Roma, 21 mar. - Articolo tratto da "La Repubblica". Con il cartellino timbrato, nell'orario di lavoro 'istituzionale', hanno svolto attività libero professionale in ospedale (l'intramoenia). Di più: alcuni medici hanno chiesto parcelle, fatturando in ospedale, come se stessero nel proprio studio privato. Insomma, più di cento camici bianchi del Sant'Eugenio, del Cto e di altri presidi sanitari della Asl RmC, durante il lavoro ordinario, remunerato con lo stipendio del Servizio sanitario regionale, hanno esercitato la libera professione. Insieme con lo stipendio pubblico, insomma, avrebbero incamerato anche parcelle non dovute perché svolte con il cartellino marcatempo che, con il timbro, segnalava l'impegno nell'attività ordinaria. Non in quella privata. Una furbizia fraudolenta? Una dimenticanza? Un cattivo funzionamento dell'orologio marcatempo? Di fatto l'azienda ha deciso di trattenere dalla busta paga il compenso professionale incamerato con l'intramoenia. Ma c'è di peggio: dopo la richiesta della direzione della Asl di rifondere del "maltolto" le casse pubbliche, a difesa dei medici sono scesi in campo, a scudi levati e con qualche minaccia, otto sindacati. Lo hanno fatto con una lettera che, al pari di una ricetta, è di difficile comprensione. Nell'oggetto si legge: "Attività libero professionale intramoenia: richiesta urgente di sospensione delle sanzioni disciplinari". Dove, per "sanzioni disciplinari", gli otto segretari dei sindacati dei medici intendono quelle "pecuniarie", come chiariscono più avanti. E, addentrandosi nel problema, sono ancora più espliciti: "Al di là delle motivazioni", scrivono, "che appaiono a una prima analisi quanto meno capziose, la sanzione comminata (il provento delle prestazioni in intramoenia della giornata risultata irregolare), senza alcuna possibilità di difesa da parte del malcapitato (sic) risulta ai nostri occhi un abuso, peraltro ampiamente discriminatorio nelle somme". Già, i "malcapitati": non sarebbero i pazienti del Servizio sanitario regionale gabbati due volte, la prima come assistiti, la seconda come cittadinicontribuenti. E l'"abuso" non sarebbe stato consumato ai danni di questi ultimi ma di quanti l'avrebbero perpetrato. La lettera è circolata in lungo e in largo, indirizzata ai cento e passa medici, al management della Asl RmC e alla direttrice del centro di prenotazione dell'Intramoenia.

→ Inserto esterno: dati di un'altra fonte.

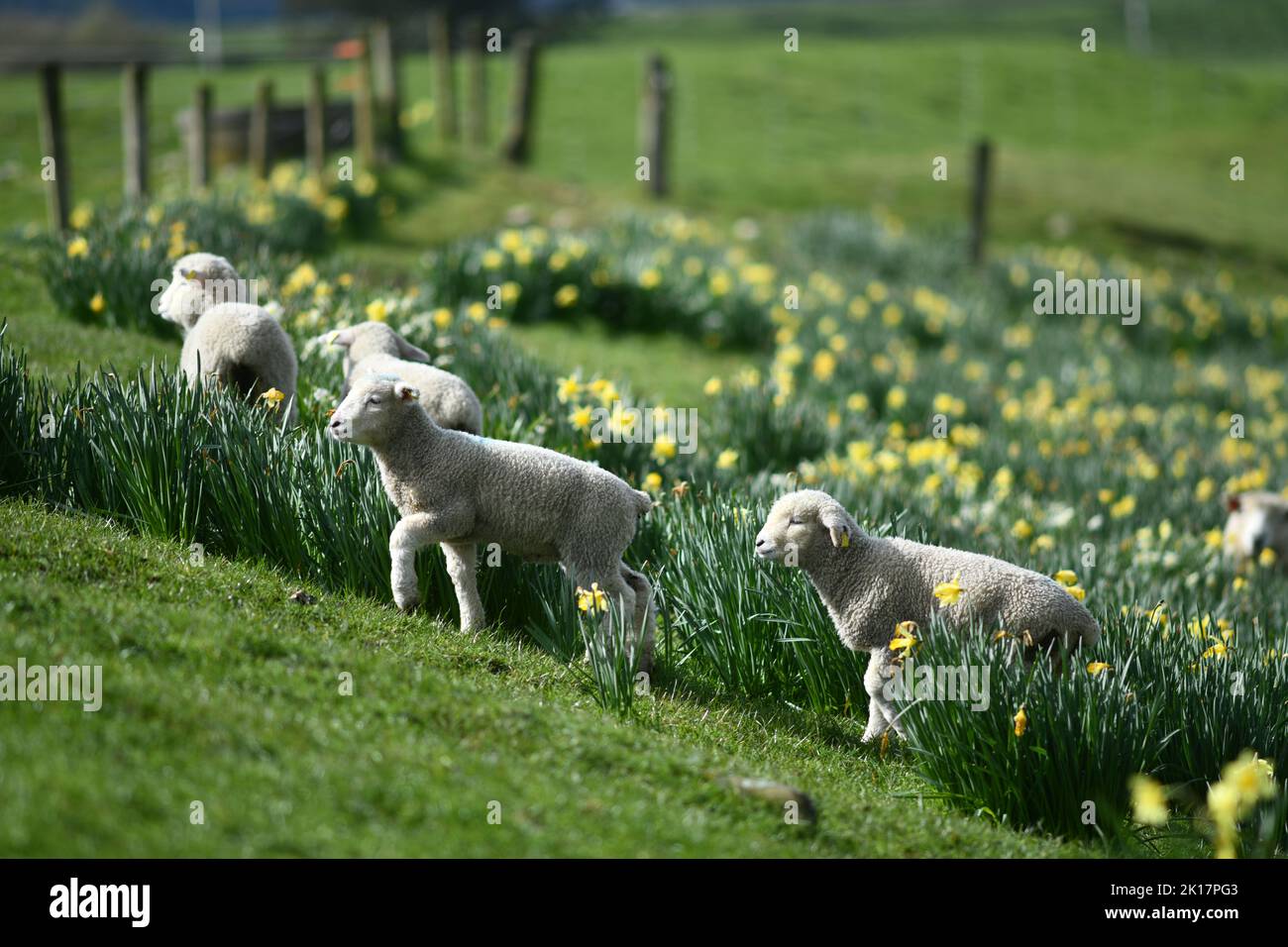 Agnelli primaverili e pecore in un paddock di narcisi vicino a Ikamatua, Costa Occidentale, Nuova Zelanda. Foto Stock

In definitiva, le otto sigle sindacali dei medici (Uil, Aaroi, FvmSmi, Fesmad, Anpo, Ascoti, Fials e Cgil), con i loro rispettivi segretari, chiedono la sospensione della cosiddetta sanzione che altro non è se non la trattenuta dei soldi incassati con la libera professione esercitata durante l'orario di servizio remunerato con tanto di stipendio. Quei soldi trattenuti dovrebbero alimentare un fondo di perequazione tra i medici, ristorando così quei professionisti che, per la loro specialità (dalla Medicina di prevenzione sul lavoro alla Rianimazione) non possono esercitare l'intramoenia.
A firmare non sono stati tutti i sindacati. All'appello ne mancano due, i più rappresentativi della Asl RmC, l'Anaao e la Cisl Medici. Che, con il suo segretario provinciale, Benedetto Magliozzi, ortopedico del Sant'Eugenio, spiega: "Non ci sono stati iscritti alla Cisl coinvolti nella vicenda". "Se fosse accaduto, di fronte a prove inconfutabili", continua, "non mi sarei certo improvvisato avvocato d'ufficio di quanti avessero perpetrato l'abuso né, tanto meno, avrei scritto una lettera come quella firmata dai miei colleghi sindacalisti". "Dal gennaio scorso, però", aggiunge, "ho sollecitato più volte un incontro con la direzione della Asl per segnalare le criticità nella gestione dell'intramoenia, dall'eccesso di burocrazia alla farraginosità della modulistica, al rispetto dei tempi di accreditamento del dovuto da parte dell'azienda che non ha mai risposto e ora ha avviato un contenzioso con i presunti colpevoli senza chiedere una spiegazione del loro operato, cancellando così il diritto alla difesa".
L'azione di controllo sull'intramoenia era stata avviata già nel settembre scorso dal direttore generale dell'epoca, Antonio Paone il cui contratto è scaduto a novembre. Fu lui a disporre l'incrocio dei dati. Nell'interregno del commissario Ernesto Petti, una cinquantina di giorni, non sembra esserci stata segnalazione alcuna. Nel febbraio scorso, ad accertamenti conclusi, il nuovo dg, Carlo Saitto, ha segnalato le irregolarità.